(Extracted material Opens)

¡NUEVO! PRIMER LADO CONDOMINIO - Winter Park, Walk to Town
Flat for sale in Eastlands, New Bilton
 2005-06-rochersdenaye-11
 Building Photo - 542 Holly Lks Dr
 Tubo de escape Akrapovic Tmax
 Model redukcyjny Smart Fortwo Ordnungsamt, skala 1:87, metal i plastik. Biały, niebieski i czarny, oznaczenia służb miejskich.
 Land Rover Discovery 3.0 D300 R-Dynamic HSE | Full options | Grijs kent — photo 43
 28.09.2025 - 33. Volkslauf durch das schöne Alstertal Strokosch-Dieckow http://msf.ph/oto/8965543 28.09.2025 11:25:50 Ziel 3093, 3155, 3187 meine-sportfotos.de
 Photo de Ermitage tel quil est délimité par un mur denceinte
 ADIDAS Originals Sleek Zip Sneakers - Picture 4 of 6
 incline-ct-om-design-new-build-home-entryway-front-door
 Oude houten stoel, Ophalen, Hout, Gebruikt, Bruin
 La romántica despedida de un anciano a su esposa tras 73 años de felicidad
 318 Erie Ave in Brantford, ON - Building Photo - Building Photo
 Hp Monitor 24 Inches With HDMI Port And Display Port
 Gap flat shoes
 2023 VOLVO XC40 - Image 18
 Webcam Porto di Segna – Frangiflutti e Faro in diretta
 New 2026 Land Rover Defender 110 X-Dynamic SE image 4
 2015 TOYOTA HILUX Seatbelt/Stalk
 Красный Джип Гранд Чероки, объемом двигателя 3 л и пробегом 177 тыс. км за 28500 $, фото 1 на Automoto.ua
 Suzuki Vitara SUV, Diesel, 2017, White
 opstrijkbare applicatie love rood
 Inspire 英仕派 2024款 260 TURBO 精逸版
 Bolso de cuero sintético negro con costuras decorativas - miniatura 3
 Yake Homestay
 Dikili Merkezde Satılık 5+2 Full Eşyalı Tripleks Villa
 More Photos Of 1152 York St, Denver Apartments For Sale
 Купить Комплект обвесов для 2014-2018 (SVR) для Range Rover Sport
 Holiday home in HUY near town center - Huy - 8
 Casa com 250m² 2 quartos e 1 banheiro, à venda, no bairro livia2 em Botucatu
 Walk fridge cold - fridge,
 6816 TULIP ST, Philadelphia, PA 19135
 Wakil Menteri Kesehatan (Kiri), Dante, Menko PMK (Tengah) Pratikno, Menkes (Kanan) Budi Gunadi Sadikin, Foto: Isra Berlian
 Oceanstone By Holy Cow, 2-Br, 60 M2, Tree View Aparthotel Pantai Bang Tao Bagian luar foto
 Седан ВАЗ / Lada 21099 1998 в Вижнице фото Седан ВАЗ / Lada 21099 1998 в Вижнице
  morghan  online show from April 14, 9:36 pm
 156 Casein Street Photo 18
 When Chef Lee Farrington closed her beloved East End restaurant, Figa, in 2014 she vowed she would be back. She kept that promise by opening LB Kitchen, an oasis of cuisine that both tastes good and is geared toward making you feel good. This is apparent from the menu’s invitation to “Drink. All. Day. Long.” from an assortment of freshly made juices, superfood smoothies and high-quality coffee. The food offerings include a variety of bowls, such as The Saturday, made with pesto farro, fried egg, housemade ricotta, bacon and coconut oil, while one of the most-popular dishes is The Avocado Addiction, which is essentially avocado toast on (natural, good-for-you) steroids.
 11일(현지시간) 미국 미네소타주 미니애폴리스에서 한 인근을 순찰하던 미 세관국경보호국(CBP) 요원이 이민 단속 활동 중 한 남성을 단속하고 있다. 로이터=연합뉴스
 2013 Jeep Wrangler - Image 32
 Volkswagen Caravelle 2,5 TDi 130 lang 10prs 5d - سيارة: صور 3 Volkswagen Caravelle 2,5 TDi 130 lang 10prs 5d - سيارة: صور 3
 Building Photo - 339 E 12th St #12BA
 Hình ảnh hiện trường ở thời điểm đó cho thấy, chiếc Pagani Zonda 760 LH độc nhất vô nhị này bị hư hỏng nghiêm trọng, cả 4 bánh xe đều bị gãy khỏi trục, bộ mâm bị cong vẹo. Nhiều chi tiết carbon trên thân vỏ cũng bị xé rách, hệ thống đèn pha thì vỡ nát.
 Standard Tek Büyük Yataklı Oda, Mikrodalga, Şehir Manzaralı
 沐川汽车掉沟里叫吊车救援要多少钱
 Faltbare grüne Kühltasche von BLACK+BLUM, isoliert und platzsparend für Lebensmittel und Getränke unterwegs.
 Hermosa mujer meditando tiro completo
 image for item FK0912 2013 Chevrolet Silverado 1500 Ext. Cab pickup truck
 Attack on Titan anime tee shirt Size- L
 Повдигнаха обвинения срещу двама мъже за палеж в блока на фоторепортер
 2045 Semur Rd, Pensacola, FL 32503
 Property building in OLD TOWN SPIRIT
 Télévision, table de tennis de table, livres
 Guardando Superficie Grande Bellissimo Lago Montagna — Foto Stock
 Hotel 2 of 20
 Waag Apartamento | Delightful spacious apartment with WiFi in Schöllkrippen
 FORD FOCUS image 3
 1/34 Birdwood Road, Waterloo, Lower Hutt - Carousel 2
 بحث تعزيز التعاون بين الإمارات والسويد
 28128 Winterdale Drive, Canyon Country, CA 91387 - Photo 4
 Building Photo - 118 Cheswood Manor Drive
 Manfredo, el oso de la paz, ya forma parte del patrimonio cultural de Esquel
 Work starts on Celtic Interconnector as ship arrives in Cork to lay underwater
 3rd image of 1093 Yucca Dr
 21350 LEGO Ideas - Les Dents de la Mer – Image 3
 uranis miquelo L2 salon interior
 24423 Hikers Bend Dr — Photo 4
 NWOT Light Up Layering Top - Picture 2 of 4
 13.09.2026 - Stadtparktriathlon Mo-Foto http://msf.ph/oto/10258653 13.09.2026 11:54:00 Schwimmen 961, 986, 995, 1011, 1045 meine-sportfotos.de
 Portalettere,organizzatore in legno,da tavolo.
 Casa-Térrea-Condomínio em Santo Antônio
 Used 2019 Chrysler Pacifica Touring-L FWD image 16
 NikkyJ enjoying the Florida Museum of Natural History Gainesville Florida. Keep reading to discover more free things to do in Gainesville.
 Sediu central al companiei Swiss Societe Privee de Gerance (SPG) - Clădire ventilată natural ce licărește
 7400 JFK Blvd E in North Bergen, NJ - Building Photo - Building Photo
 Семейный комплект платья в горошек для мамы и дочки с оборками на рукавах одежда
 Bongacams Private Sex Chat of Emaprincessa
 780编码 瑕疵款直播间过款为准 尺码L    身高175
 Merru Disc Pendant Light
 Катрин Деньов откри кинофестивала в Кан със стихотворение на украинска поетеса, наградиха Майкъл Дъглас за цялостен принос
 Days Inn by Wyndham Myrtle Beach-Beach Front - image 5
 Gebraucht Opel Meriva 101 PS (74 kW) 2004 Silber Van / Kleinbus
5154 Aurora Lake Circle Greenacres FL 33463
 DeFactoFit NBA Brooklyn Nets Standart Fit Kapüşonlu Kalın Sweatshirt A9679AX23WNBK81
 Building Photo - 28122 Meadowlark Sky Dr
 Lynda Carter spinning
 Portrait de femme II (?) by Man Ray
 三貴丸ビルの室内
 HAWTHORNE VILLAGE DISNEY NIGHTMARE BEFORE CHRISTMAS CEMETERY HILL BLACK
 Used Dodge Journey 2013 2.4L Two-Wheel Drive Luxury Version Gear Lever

(Extracted material Closes)

## Work instruction
Return the opening line of the data and every line after it through the line containing "Holiday home in", please, exactly as written and with nothing added.

## Response to the task
¡NUEVO! PRIMER LADO CONDOMINIO - Winter Park, Walk to Town
Flat for sale in Eastlands, New Bilton
 2005-06-rochersdenaye-11
 Building Photo - 542 Holly Lks Dr
 Tubo de escape Akrapovic Tmax
 Model redukcyjny Smart Fortwo Ordnungsamt, skala 1:87, metal i plastik. Biały, niebieski i czarny, oznaczenia służb miejskich.
 Land Rover Discovery 3.0 D300 R-Dynamic HSE | Full options | Grijs kent — photo 43
 28.09.2025 - 33. Volkslauf durch das schöne Alstertal Strokosch-Dieckow http://msf.ph/oto/8965543 28.09.2025 11:25:50 Ziel 3093, 3155, 3187 meine-sportfotos.de
 Photo de Ermitage tel quil est délimité par un mur denceinte
 ADIDAS Originals Sleek Zip Sneakers - Picture 4 of 6
 incline-ct-om-design-new-build-home-entryway-front-door
 Oude houten stoel, Ophalen, Hout, Gebruikt, Bruin
 La romántica despedida de un anciano a su esposa tras 73 años de felicidad
 318 Erie Ave in Brantford, ON - Building Photo - Building Photo
 Hp Monitor 24 Inches With HDMI Port And Display Port
 Gap flat shoes
 2023 VOLVO XC40 - Image 18
 Webcam Porto di Segna – Frangiflutti e Faro in diretta
 New 2026 Land Rover Defender 110 X-Dynamic SE image 4
 2015 TOYOTA HILUX Seatbelt/Stalk
 Красный Джип Гранд Чероки, объемом двигателя 3 л и пробегом 177 тыс. км за 28500 $, фото 1 на Automoto.ua
 Suzuki Vitara SUV, Diesel, 2017, White
 opstrijkbare applicatie love rood
 Inspire 英仕派 2024款 260 TURBO 精逸版
 Bolso de cuero sintético negro con costuras decorativas - miniatura 3
 Yake Homestay
 Dikili Merkezde Satılık 5+2 Full Eşyalı Tripleks Villa
 More Photos Of 1152 York St, Denver Apartments For Sale
 Купить Комплект обвесов для 2014-2018 (SVR) для Range Rover Sport
 Holiday home in HUY near town center - Huy - 8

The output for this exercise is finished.